ジスデリアの苛立ちはマルガレットにもビリビリ伝わったようで、彼女はドレスの端を指先で握りしめ唇をぎゅっと嚙んだ。
「えっと、あの、わたくし出来るだけジスデリアさまのご迷惑にならないよう精一杯サポートさせていただきますから」
「うわ、それ本当に言ってる?」
「も、申し訳ございません」
何をどういうわけか分からないが父さんは幼いころぼくが遊んでいた相手をローズベリーではなくマルガレットだと勘違いしていたらしい。昨日きちんと名前まで確認するべきだった。これは完全なるぼくのミスだ。
マルガレットはジスデリアの一挙一動に敏感に反応し、今にも泣き出しそうな顔をしていた。

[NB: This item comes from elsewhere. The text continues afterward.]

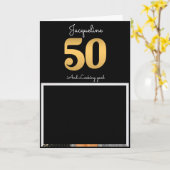 50e verjaardag Foto Gold Modern Kaart (Gele Bloem)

「いや、今のは言い方が悪かったかな。きみを責めたいわけじゃなくてつまりね、ぼくはローズベリーが好きなんだ。昨日父さんに結婚の話をされたんだけど、どうも話が嚙み合ってなかったみたいできみとローズベリーを勘違いしちゃったんだよ」
マルガレットはぽかんとした様子でジスデリアの言葉に耳を傾けた。自分が責められているわけではないと分かると少しだけ安心したようだ。
現実の王族や貴族の恋愛なんてそんなものだよね。本当に好きな人と結ばれることなんてほぼゼロに等しいことなんだ。まさか想い人の妹と結婚することになるなんてさ。そんなニアミスある? ああ、でも、そういえばこの子も同じようなものか。